After 10 years, Compartamos was financing 60,000 microborrowers. But it recognized that the need for its service was much greater. In 2000, to raise new capital, it formed a for-profit company to utilize private-sector capital as well as loans and grants from government agencies and charities. In 2002, it issued $70 million in debt, and four years later its client base had grown to more than 600,000.
By 2006, bankers in the developing world who had traditionally ignored the “C” and “D” economic classes – with “A” being the wealthiest and “E” being the poorest – began to realize that lending to lower-income entrepreneurs is good business. One reason for the change was that computer software advances enabled banks to handle small accounts more efficiently.
What was once written off as an unviable market became a hot opportunity, and Compartamos was well positioned to capitalize on it in Mexico. Last year the company launched an initial public offering that was oversubscribed 13 times. That’s when the do-gooders stepped in to question the company’s ethics.

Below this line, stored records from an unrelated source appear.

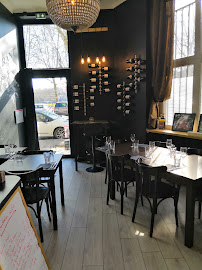 Atmosphère du Restaurant de spécialités du sud-ouest de la France Saveurs et Terroirs à Bordeaux - n°1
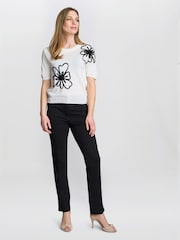 Gina Bacconi Vicki Short Sleeve White Sweater With Flower Appliqué - Imagem 5 de 5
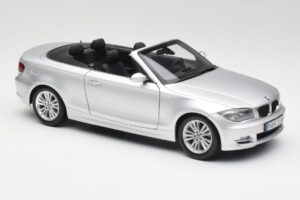 BMW 135i E88 Cabriolet Titan Prata Kyosho 1:18 80430427021 Metal - imagem 6 de 8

In a commentary published last June on the Compartamos IPO, Richard Rosenberg, a consultant for the Consultative Group to Assist the Poor – not part of the World Bank but housed on its premises – observes that the demand for shares in the company was driven, in part, by “exceptional growth and profitability.” He then ruminates for some 16 pages on whether Compartamos’s for-profit model is at odds with the goal of lifting the poor. A similar, though far less rigorous, challenge to Compartamos titled “Microloan Sharks” appears in the summer issue of the Stanford Social Innovation Review.
In his “reflections” on “microfinance interest rates and profits,” Mr. Rosenberg writes that “overcharg[ing]” clients under a nonprofit model is OK because it is done for the sake of future borrowers. But when profits go to providers of capital through dividends, then there is a “conflict between the welfare of clients and the welfare of investors.” It’s not the commercialization of the lending, we’re told, but the “size” of the profits that must be scrutinized.
What seems to elude Mr. Rosenberg is the fact that there is no way for him to know whether there is “overcharg[ing]” or by how much. That information can be delivered only by the market, when innovative new entrants see they can provide services at a better price. This has been happening since for-profit microfinance began to emerge, and the result has been greater competition. Rates have been coming down even as the demand for and availability of services have gone up.
How much better it would have been, Mr. Rosenberg suggests, if Compartamos had raised capital through “socially motivated investors” like the “international financial institutions” – i.e., the World Bank and the like. How much better indeed, for him and his poverty lobby cohorts, but not, it seems, for Mexico’s entrepreneurial poor.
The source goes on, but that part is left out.